Remember that although the law defines “child” as someone who is unmarried and is under 21 years of age, the Child Status Protection Act (CSPA) may allow your child’s age to be “frozen”. As a general rule, if the I-130 or the I-360 petition was submitted prior to your child’s 21st birthday, they will continue to be considered a child no matter how old they are when the USCIS decides their application for a green card as long as they remain single.
For more information about CSPA, see our “Child Status Protection Act FAQ” at
The new law will provide immigration benefits to “survivors” in various types of immigration cases where either the petitioner or the principal beneficiary dies before the other family members are able to become permanent residents.
However, the law is complex, and the extent of its benefits will not be known until after the USCIS and the State Department promulgate regulations, or issue memos, explaining how they plan to implement the new law.
3. How to Select an Excellent Immigration Attorney
I truly love my work, but last Friday was a depressing day for me. A businessman and his daughter consulted with me in my office. When I asked how they had learned about our law firm, they said a lot of flattering things about how “famous” we were and about our “great” website.
However, when I analyzed their case, it quickly became apparent to me that nothing could be done to help them. It was too late. The man’s I-140 (EB1-3) which was submitted in April 2001 had been denied, and his former attorney had advised them not to appeal, but to have the employer file a new I-140. The new I-140 was also denied as were their I-485s. Since the man’s L-1 status had long since expired, his whole family had been placed under removal proceedings.
His former lawyer had advised him to have his employer submit a 3rd I-140 on his behalf and for him and his family to file new I-485s on the basis that he was eligible for adjustment of status under section 245(i).
Suddenly, I became the bearer of bad news: “Sir, you are ineligible for benefits under section 245(i). Your initial I-140 was denied because the INS concluded that you were not an executive or manager, that the foreign and domestic companies were unrelated and that you were not being paid at the proffered wage.
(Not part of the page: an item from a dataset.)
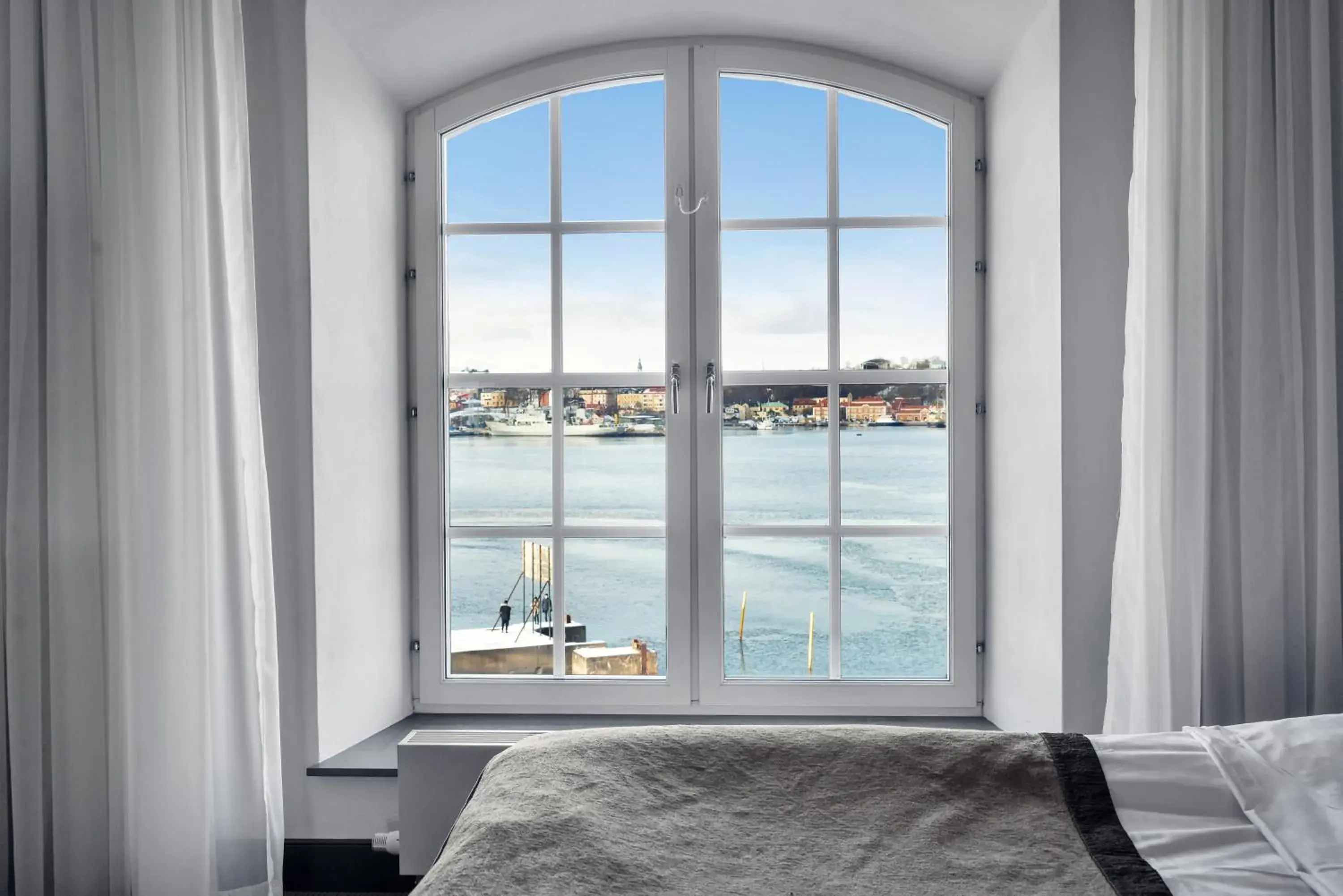 Elite Hotel Marina Tower, Spa & Resort Elite Hotel Marina Tower, Spa & Resort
Furthermore, your employer did not appeal the I-140 denial. So, what is your argument that the I-140 meets the ‘approvable when filed’ standard for section 245(i) eligibility?”
Yet, both his previous attorneys were in agreement that he was covered under section 245(i). I told him that I disagreed, and therefore, could not take his case. He and his daughter left my office disappointed.
Every potential client that I saw on Friday had a similar story, and it was too late to repair any of their damaged cases. In my opinion, each of them will have their cases denied by an Immigration Judge. What’s more, they will pay other attorneys many thousands of dollars only to lose their cases, appeal them to the BIA, and then lose again. Eventually, these unfortunate people will be ordered to either leave the United States “voluntarily” or face deportation.
COULD THESE RESULTS HAVE BEEN AVOIDED?
Section 245(i) has been on the books for over 15 years. All immigration attorneys should be able to properly analyze the facts of a case, and advise a client whether his I-140 complies with the “approvable when filed” standard under section 245(i).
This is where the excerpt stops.